# Fantasy/Classic Soap and Drama > Banners and Fan-Art > General Soap/Drama Pictures >  doctors nathan and jack

## prettypayal

what happened to them as i missed a few episides

----------


## atomicgem

Jack died after his run in with ex wife and nathen woke from his coma or whatever was wrong with him, he is ok

----------


## prettypayal

thanx

----------


## mandanafan

:Smile:

----------


## Emmak2005

> Jack died after his run in with ex wife and nathen woke from his coma or whatever was wrong with him, he is ok


 Yes Jack and Ria where having an argument about her wanting to take the kids away or something like that and he fell down the stairs. Presuming he was dead, Ria then went and took an overdose, and promptly died. Jack or Dr Helen (I can't remember which) Thompson found her, but it was too late.
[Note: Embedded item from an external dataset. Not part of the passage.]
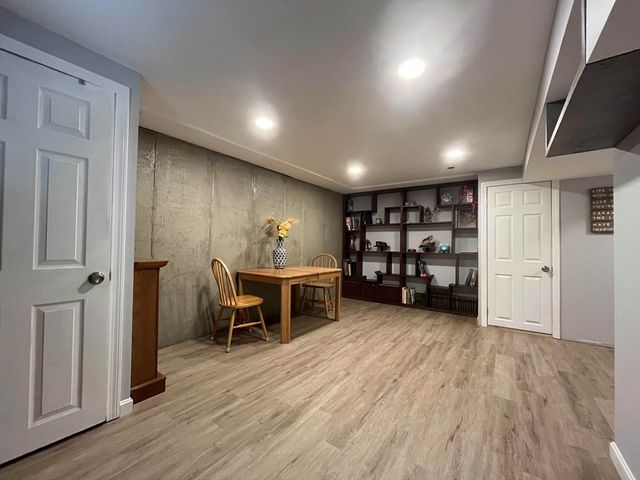 52 West Pond Rd, Plymouth, MA 02360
Helen was relieved Jack was ok after she discovered him lying on the floor at the bottom of the stairs, but he had a brain haemorrage (presumably that's what it was) and collapsed and died as he sat with Helen discussing their future. It was very sad, considering the circumstances. Remember her husband Phil? (who died in a car accident back in 2003)? Well I hope the scriptwriters find an actor who is willing to stay on long enough for her to be happy, because she deserves it after losing   :Angel:  two partners in the space of a couple of years.   :Wub:

----------